Through the XP system, it’s possible to upgrade player stats, but there’s no information about the stats except their name. The difference between “Run Blocking” and “Pass Blocking” is obvious, but what does “Impact Blocking” do? What’s the difference between “Awareness” and “Play Recognition” for a defender? Is one more effective than the other?
Higher scores are more expensive to improve than lower scores, but it’s never stated what the score represents in performance terms. Is an increase from 98 to 99 as effective as an increase from 79 to 80? Is it less effective because of diminishing returns? Or more effective because it’s linear and 99s are rare?
Worst are the “Traits.” For example, there’s a package called “Consistency Trait;” description, “Purchase this package to become a more consistent player.” For 10k XP (roughly 3 games worth of meeting every possible goal), hopefully it’s good. It scales from 0 to 4 and the game tells you where a current player falls; e.g., “Zero before [purchasing],” “One after.” How consistent is a player with a 1 in this trait? Or a 3?
I was shocked that improving the “Play Ball in the Air” trait for defenders moved them from “Aggressive” to “Conservative.” Presumably, they’re better players if I spent XP on the trait, but doesn’t a better defender play a ball in the air more often? You wouldn’t normally describe that as “conservative.” Maybe I made the player worse.
Most players can purchase a “Development Trait” for a whopping 50,000 XP; more than most players will earn in two seasons. It also has multiple levels: Normal, Quick, Superstar. So you can buy this monstrous trait multiple times. But does a “Quick” player gain +10% XP? +20%? +1%? For two seasons worth of XP, it would be nice to know.
Opaque Play is Frustrating
Improving players isn’t the only opaque mechanic, it’s just the most troubling. When you view players-of-the-week, for example, you must scroll week by week through the season. You can’t get a summary list, or filter by your team.
There are two places to see where your team ranks in your division, but neither one is a “parent” page, and both are several screens from your default view of league news. With plenty of screen space wasted in every menu, one wonders why simple team-specific stats are buried in sub menus.
There are myriad difficulty sliders, but what they do exactly (and how they relate to other sliders) is specified nowhere. If you increase “User Pass Blocking,” presumably pass blocking is easier for player-controlled teams. But does increasing the “Interceptions” slider for players mean…more…interceptions? Thrown? Caught? Your guess is as good as mine…about this menu, and every other.
Extra Mile? What Extra Mile?
Some elements are patently ignored by EA; stadium crowds still look like cardboard cutouts. There are no cheerleaders to be found.
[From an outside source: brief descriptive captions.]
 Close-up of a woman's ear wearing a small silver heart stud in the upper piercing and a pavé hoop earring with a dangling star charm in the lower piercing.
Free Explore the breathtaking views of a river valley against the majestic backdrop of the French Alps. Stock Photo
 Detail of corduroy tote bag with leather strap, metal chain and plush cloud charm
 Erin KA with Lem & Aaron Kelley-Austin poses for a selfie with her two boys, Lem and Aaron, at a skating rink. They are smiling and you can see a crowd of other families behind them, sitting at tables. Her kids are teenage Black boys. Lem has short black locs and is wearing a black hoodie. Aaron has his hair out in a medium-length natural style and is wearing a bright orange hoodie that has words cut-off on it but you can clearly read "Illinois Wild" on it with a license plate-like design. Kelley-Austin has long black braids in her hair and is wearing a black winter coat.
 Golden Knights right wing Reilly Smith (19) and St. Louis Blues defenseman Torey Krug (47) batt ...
And you won’t even get to see game hilights at halftime; just generic footage of the players, identical every game.
With the graphics of this age, and the gorgeous backgrounds visible in everything from fighting games to platformers, it’s bizarre that EA can’t be bothered to provide a little immersion.
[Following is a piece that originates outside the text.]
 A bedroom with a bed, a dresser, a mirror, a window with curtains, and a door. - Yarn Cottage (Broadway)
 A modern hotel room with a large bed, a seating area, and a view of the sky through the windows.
My friend Jon defended them, saying, “Well, which would you rather look good? The players or the crowds?” Obviously the players, but that sort of false choice proves EAs mediocrity. There are plenty of games which have proven they can answer, “Both.”
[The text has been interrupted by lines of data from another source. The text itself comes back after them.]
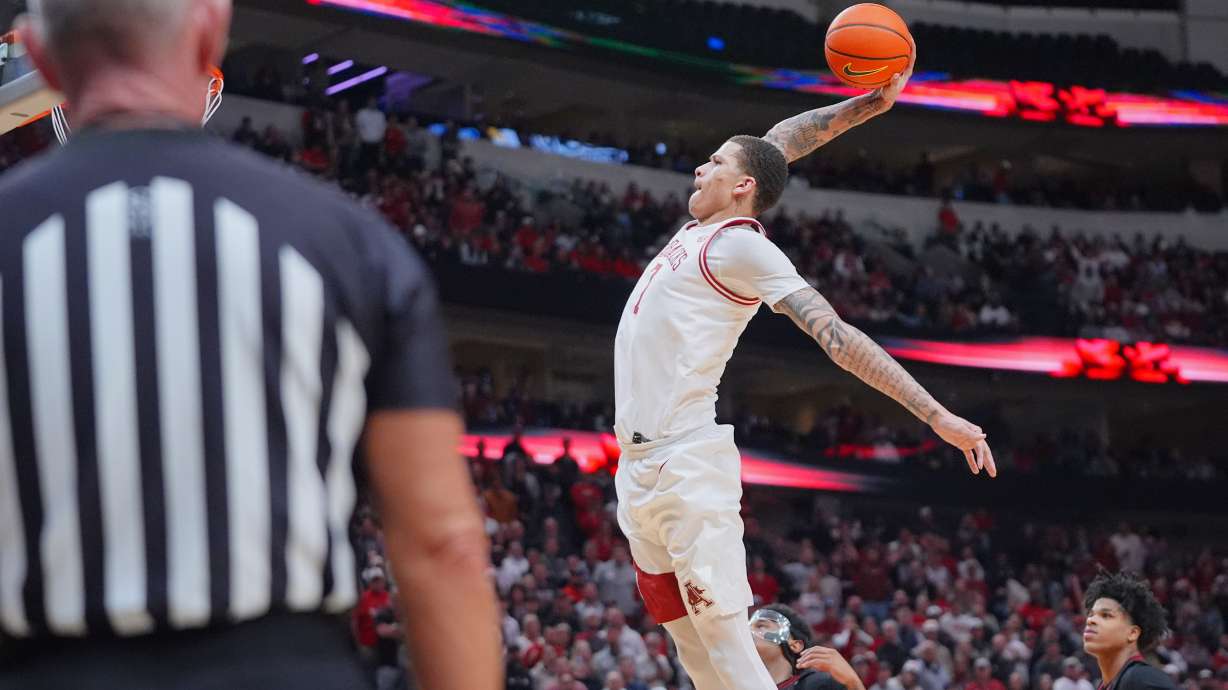 Arkansas forward Trevon Brazile drives in for a dunk during the second half of an NCAA college basketball game against Texas Tech, Saturday, Dec. 13, 2025, in Dallas.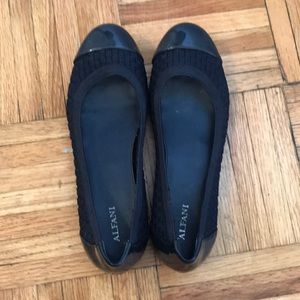 Navy blue alfani flats with cross weave detail.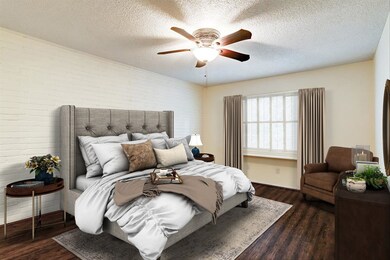 Virtually staged master suite reflects generous si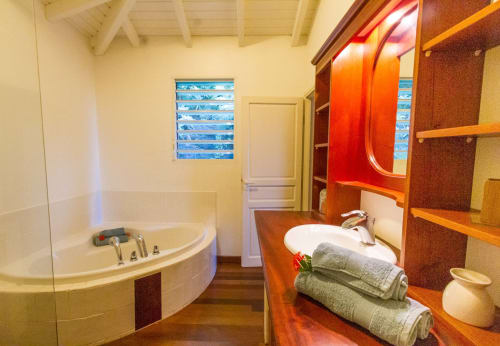 Salle de bain luxueuse à la Villa Jasmine, Villas Amboise Guadeloupe avec baignoire arrondie, meuble vasque en bois et miroir rouge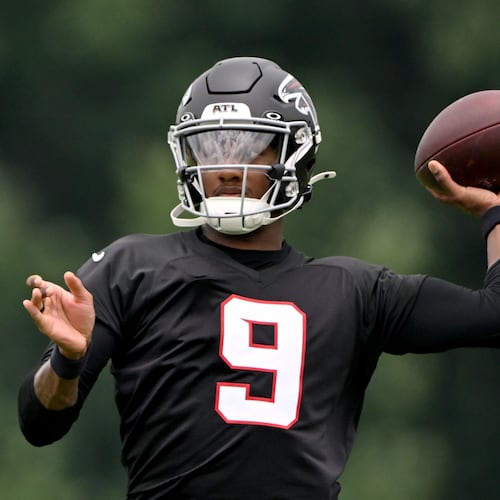 Falcons quarterback Michael Penix Jr. runs a drill during an OTA workout at the team's traning facility on Wednesday, May 27, 2026, in Flowery Branch. (Hyosub Shin/AJC)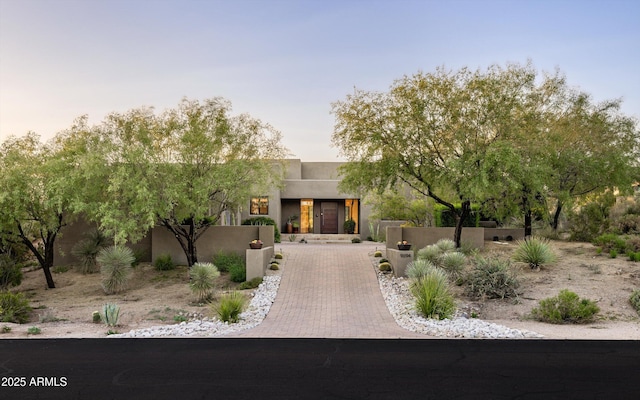 9894 E Miramonte Dr, Scottsdale, AZ 85262 - pueblo-style home with a fenced front yard and stucco siding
But EA says why bother? They’ll get our money anyway.
Yeah, I still enjoy it…
I’m no better than the average customer; I bought the game, I play the game, I even enjoy the game. But these problems make the experience good at best; never great, never stellar. In well-designed games, the menus and interface get out of the way until you need them. In Madden (and other EA US games) they’re an omnipresent barrier between you and fun.
And since EA has the monopoly on NFL licensing, if you want to play your favorite team and your favorite player, you have no other options. Competition forces innovations, and EA doesn’t have any.